20.04.2012

A. Borusan

## 07.05.2012, 16 Uhr c.t. TU Berlin, EN building, seminar room EN 719 (7th floor), Einsteinufer 17, 10587 Berlin: "A Projection and Probability Estimation Method for Knowledge Discovery" (Adam Stanski, Datenmeer GmbH)

A key ingredient to modern data analysis is probability estimation. Theoretically, it could be used to answer the major questions arising in problems like regression, ranking, classification, clustering, or outlier detection. However, it is well known that the curse of dimensionality prevents a proper estimation of probability in high dimensions. The problem is typically circumvented by using a fixed set of assumptions about the data, e.g., by assuming partial independence of features, data on a manifold or a customized kernel. These fixed assumptions limit the applicability of a method.

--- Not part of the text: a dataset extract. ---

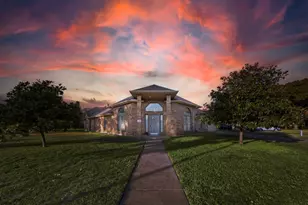 943 Fairway Dr, Duncanville, TX 75137 - Photo 1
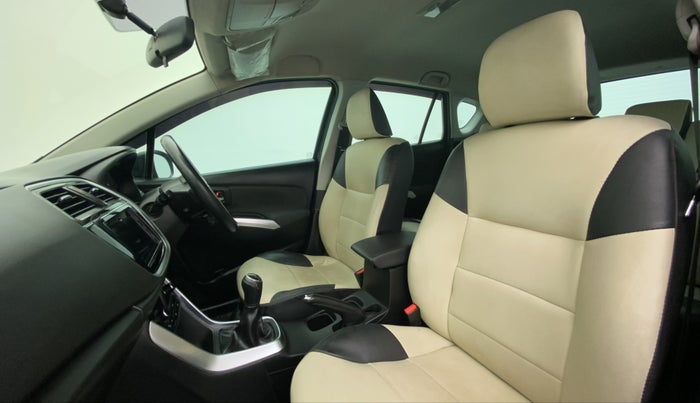 2017 Maruti S Cross ZETA SHVS, Diesel, Manual, 63,241 km, Right Side Front Door Cabin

In this talk we propose a framework that uses a flexible set of assumptions instead. It allows to tailor a model to various problems by means of 1d-decompositions. The approach achieves a fast runtime and is not limited by the curse of dimensionality as all estimations are performed in 1d-space.

The wide range of applications is demonstrated at the example of an industrial project. Its goal was to discover patterns and relations in a large, heterogeneous database. The problem was solved with a new data mining software that allows the fully automatic discovery of patterns. The software, which is publicly available for evaluation and academic usage, is demonstrated during the talk.